Hidayatullah.com—Pemerintah Filipina mengatakan pihaknya telah menandatangani kesepakatan damai dengan kelompok Muslim terbesar guna mengakhiri konflik 40 tahun di selatan negara itu yang telah menewaskan ribuan orang.
Jurubicara kepresidenan Edwin Lacierda kepada Associated Press mengatakan, para perunding dan pemimpin Front Pembebasan Islam Moro (MILF) yang berkekuatan 11.000 orang menuntaskan perundingan pada hari Sabtu (24/1/2014) berupa dokumen final berisi antara lain deaktivasi bertahap pasukan MILF.
Perjanjian itu, beserta tiga kesepakatan lainnya, yang merupakan kesepakatan damai komprehensif diharapkan bisa ditandatangani segera di Manila. Perundingan-perundingan terakhir digelar di Malaysia, yang menjadi penengah dalam negosiasi itu.
Presiden Filipina Benigno Aquino III berharap dapat menuntaskan kesepakatan damai akhir dengan kelompok Muslim sebelum masa pemerintahannya berakhir pada pertengahan 2016.
Perlawan kelompok-kelompok Muslim di selatan Filipina (negara dengan komposisi penduduk penganut Kristen Katolik Roma terbesar di kawasan Asia, 80% dari total populasi) berangkat dari diingkarinya janji oleh pemerintah Manila atas penduduk di kawasan Pulau Mindanao dan sekitarnya.

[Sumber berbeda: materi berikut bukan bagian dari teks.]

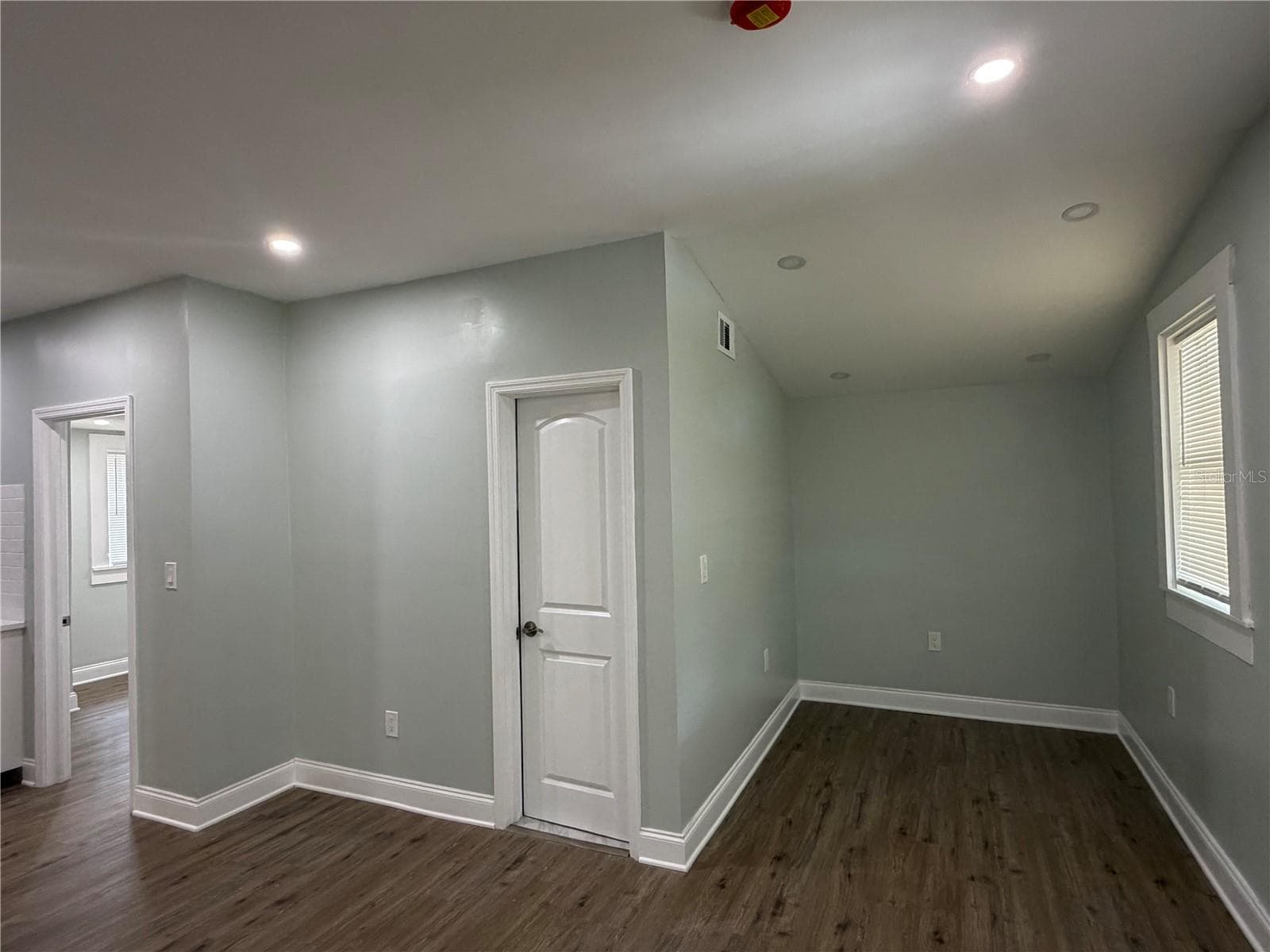Single Family Residence at 1216 7TH ST, ST CLOUD, photo 13 of 24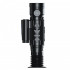 Тепловизионный прицел Sytong XM06-50LRF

Dulu, ketika setuju untuk bergabung dengan negara kepulauan Filipina, kerajaan dan suku-suku di selatan yang mayoritas Muslim dan wilayahnya kaya sumber daya alam –terutama minyak bumi– meminta syarat dijadikan sebagai wilayah otonomi khusus. Syarat itu diterima oleh pemerintah Filipina.
Namun dalam perjalanannya kemudian, pemerintah Manila justru memegang kendali penuh atas wilayah tersebut, termasuk dalam urusan pengelolaan sumber daya alamnya, sehingga Mindanao dan sekitarnya menjadi wilayah yang dimarjinalkan. Padahal sumber minyak di Filipina paling banyak terdapat di daerah Muslim di selatan dibanding daerah lain.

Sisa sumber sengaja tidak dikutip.